Available data -
*-*-*
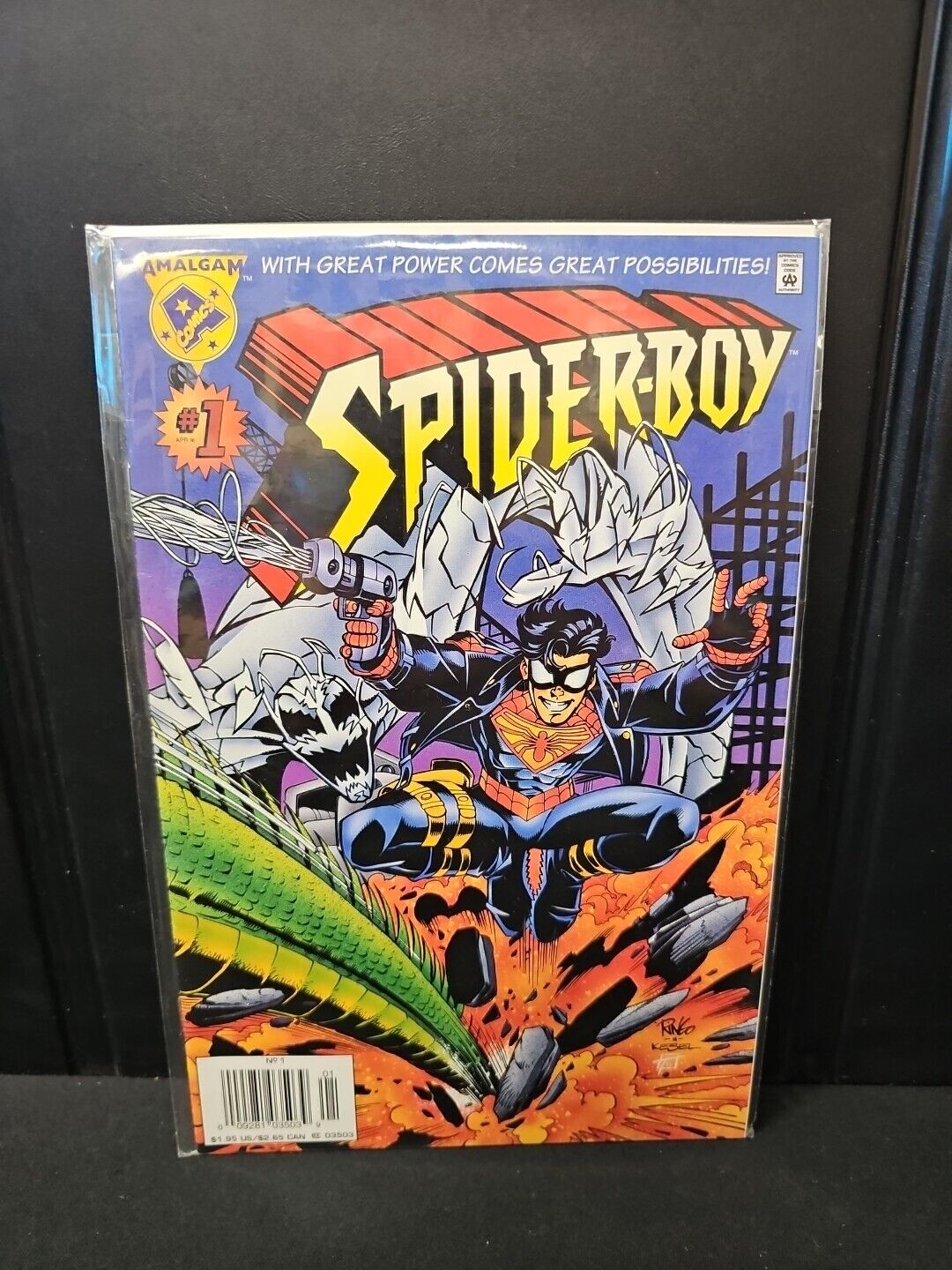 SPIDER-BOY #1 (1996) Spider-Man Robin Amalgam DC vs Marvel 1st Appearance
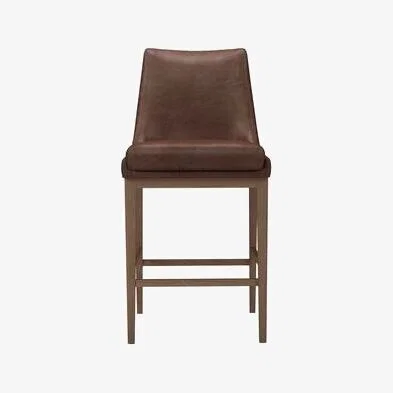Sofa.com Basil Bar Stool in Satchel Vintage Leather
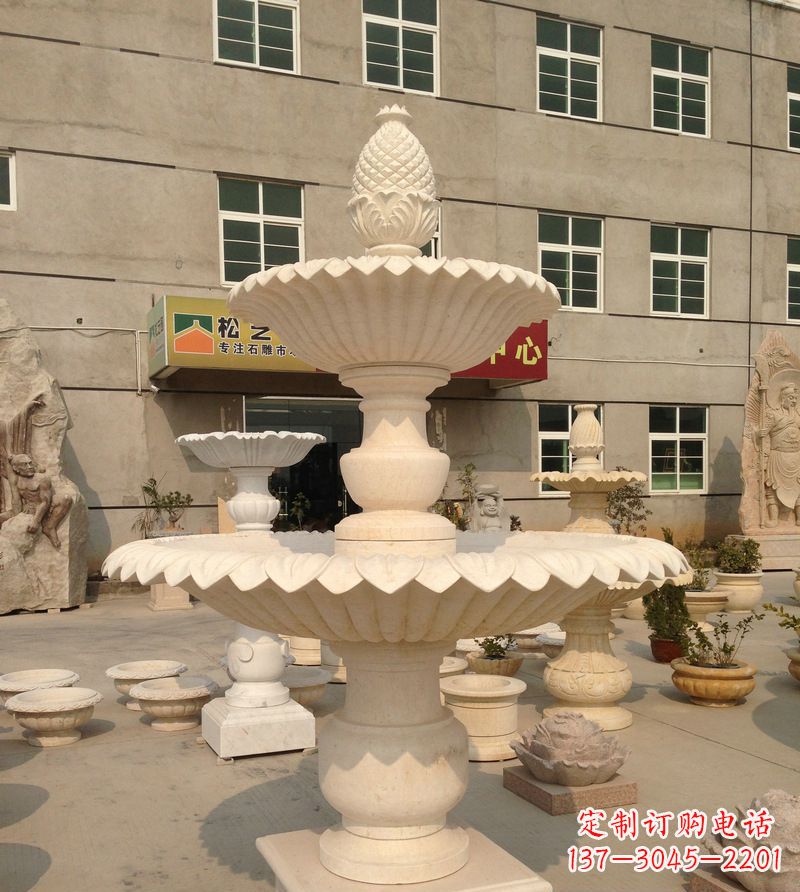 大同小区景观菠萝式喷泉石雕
*-*-*
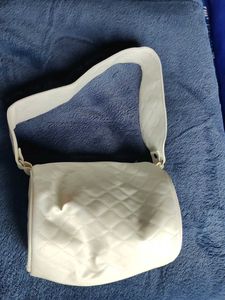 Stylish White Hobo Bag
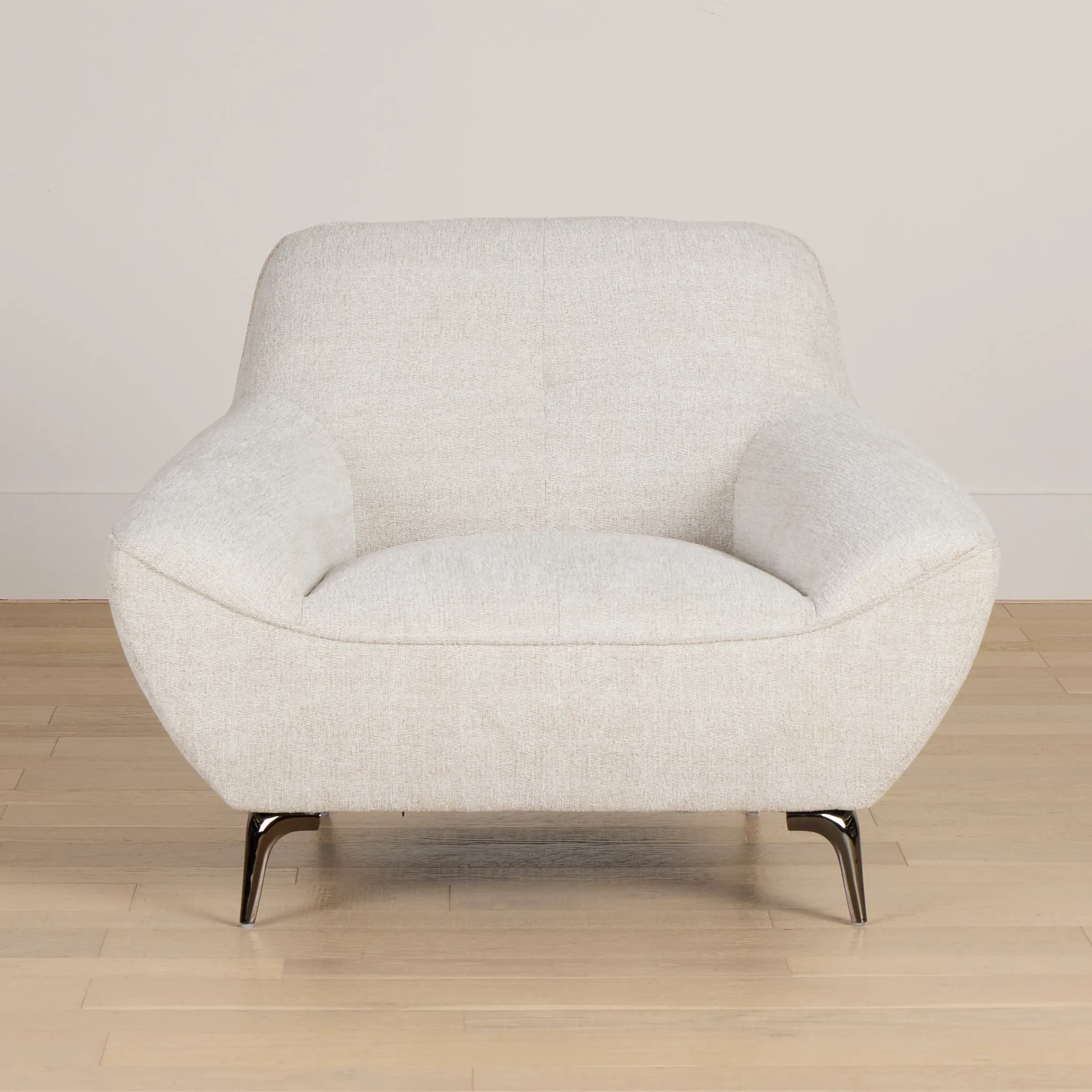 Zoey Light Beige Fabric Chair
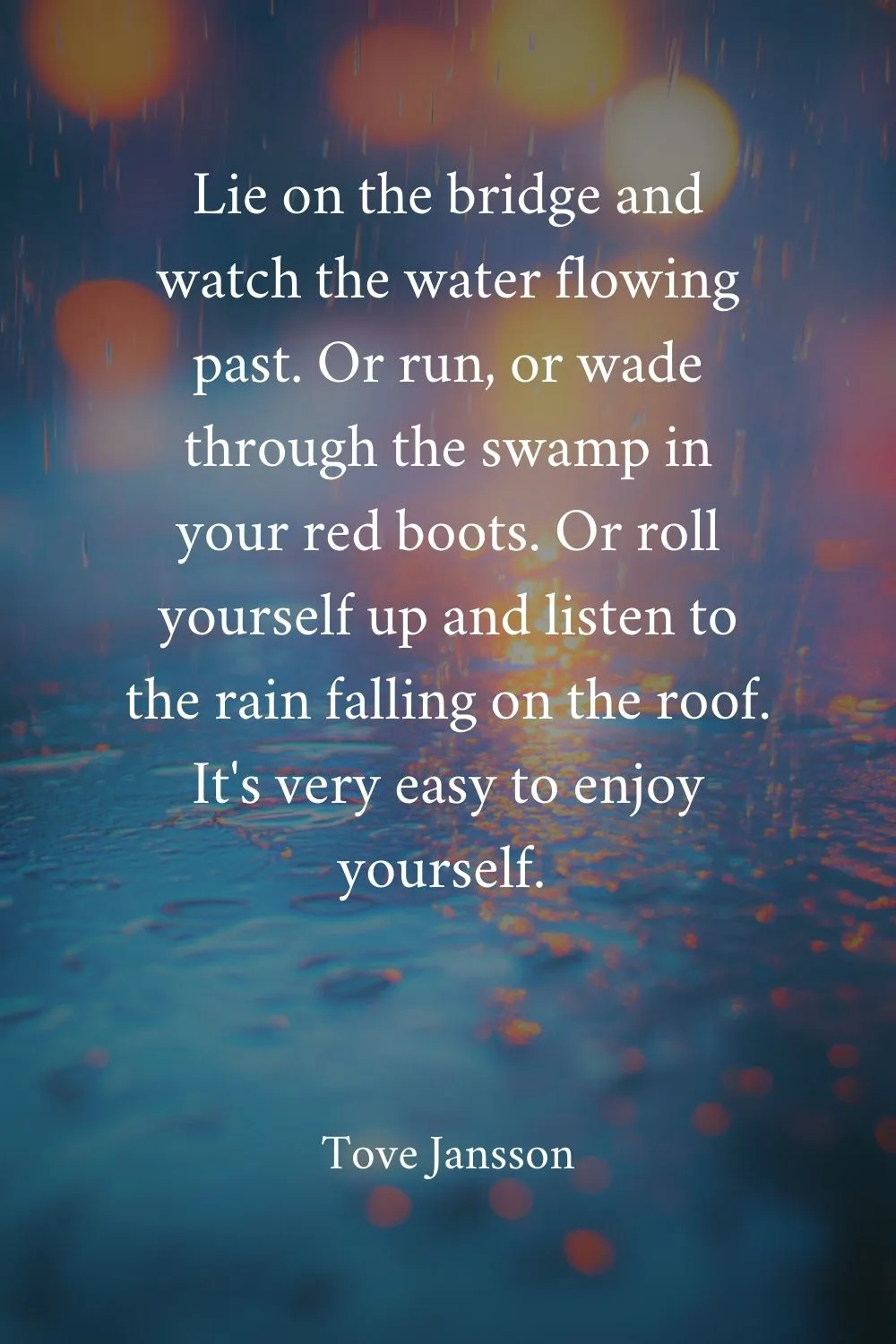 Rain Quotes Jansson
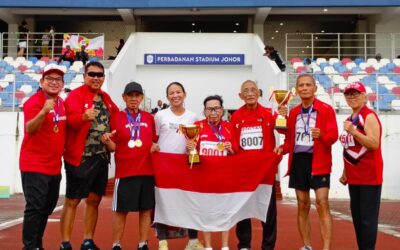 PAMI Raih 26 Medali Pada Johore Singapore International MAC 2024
*-*-*
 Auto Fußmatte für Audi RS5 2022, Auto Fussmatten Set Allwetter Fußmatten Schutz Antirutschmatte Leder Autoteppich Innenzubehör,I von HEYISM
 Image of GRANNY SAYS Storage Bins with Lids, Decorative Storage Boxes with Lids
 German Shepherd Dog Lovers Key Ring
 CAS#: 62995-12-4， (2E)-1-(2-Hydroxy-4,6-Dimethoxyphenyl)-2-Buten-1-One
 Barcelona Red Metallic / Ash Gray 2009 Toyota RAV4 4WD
*-*-*
What needs to be done -
Within the material above, only the stretch from the line holding "SPIDER-BOY #1 (1996)" through the line holding "大同小区景观菠萝式喷泉石雕" is to be restated exactly. Pictures are dropped.

Response to the exercise -
 SPIDER-BOY #1 (1996) Spider-Man Robin Amalgam DC vs Marvel 1st Appearance
Sofa.com Basil Bar Stool in Satchel Vintage Leather
 大同小区景观菠萝式喷泉石雕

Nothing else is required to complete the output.